At block 207, geosteering decisions are made based on the control point. Geosteering decisions may include, but are not limited to, implementing new steering or TVD commands to steer the drill bit away from the target formation boundary.

At block 208, the human operator removes the potential control point and operations continue. The human operator may remove the potential control point from their geological model that can be used for future control point interpretations.

FIG. 3 is a flowchart of example operations for interpretation of a potential control point by geosteering software. The example operations in FIG. 3 are described with reference to a pattern-based control point detector and geosteering software. The operations of FIG. 3 are similar to FIG. 2 but address a scenario of passing a potential control point on to geosteering software for automatic interpretation. In some instances, FIG. 3 may function as a hybrid operation where a human operator may work with or intervene at any point during the operations to influence or correct the decisions and/or interpretations of the geosteering software.

At block 301, the pattern-based control point detector obtains formation property(ies) measurements from LWD measurements. This is similar to block 201 of FIG. 2.

At block 302, the pattern-based control point detector detects a pattern in the formation property measurements. The pattern can indicate a potential geological event. Patterns can be predetermined and may be based on domain knowledge or offset well data.

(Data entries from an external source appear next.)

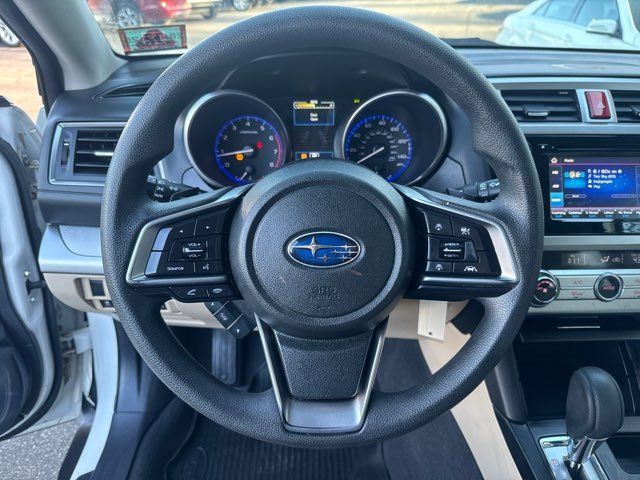 2019 Subaru Outback 2.5i
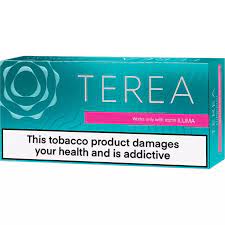 Terea Turquoise
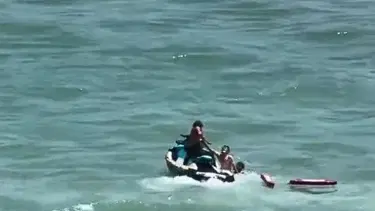 Sarıyer'de boğulma tehlikesi: 22 yaşındaki Eyyüp'ün durumu ağır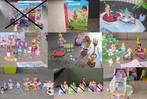 playmobil sets thema prinsessen (1), Ophalen of Verzenden, Zo goed als nieuw, Complete set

At block 303, the pattern-based control point detector obtains information associated with the detected pattern and labels the depth and associated information as a potential control point. Information may include, but is not limited to, the pattern detection type and the corresponding formation property(ies).

At block 304, the pattern-based control point detector sends the potential control point to geosteering software for interpretation. The geosteering software may automatically interpret the potential control point and update geological models of the target formation(s). Geosteering software can utilize methods including, but not limited to, Bayesian statistics to interpret the potential control point.

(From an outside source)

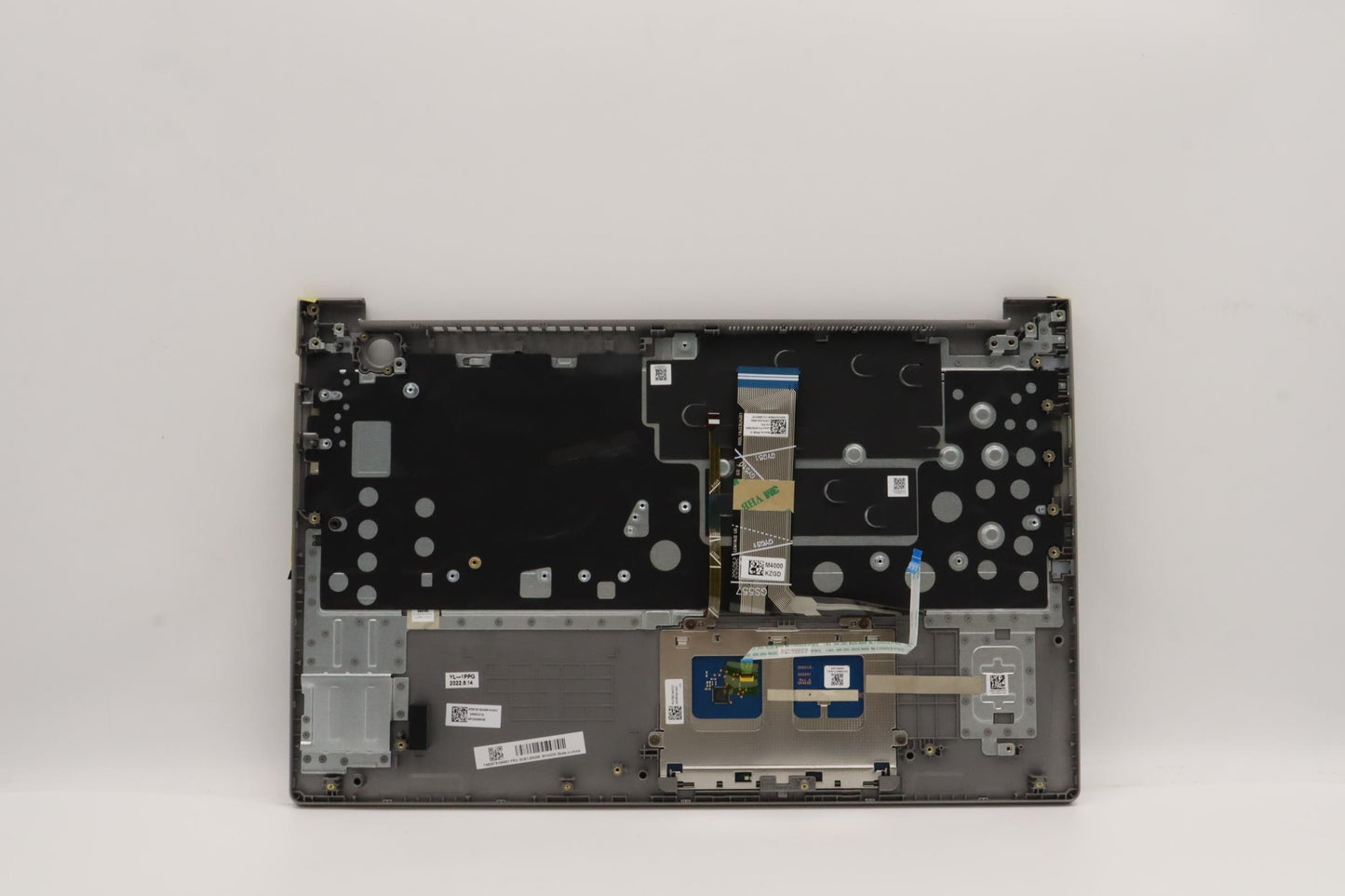 Lenovo Cover Upper Case Assembly Hin - 5CB1J09205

At block 305, the geosteering software determines if there is an interpretation for the potential control point. An interpretation of a control point may include analyzing the control point with available data such as pseudo logs, previous interpreted control points, and seismic data of the target formation. In some instances, data for interpretation may not be available. If the geosteering software can identify data for an interpretation of the potential control point, then operational flow proceeds to block 306. Otherwise, operational flow proceeds to block 308.

At block 306, the geosteering software automatically interprets the potential control point. The geosteering software may interpret the potential control point by determining the formation property measurements at their corresponding depths of the control point. Once interpreted, the geosteering software may then update geological models used for geosteering with the control point.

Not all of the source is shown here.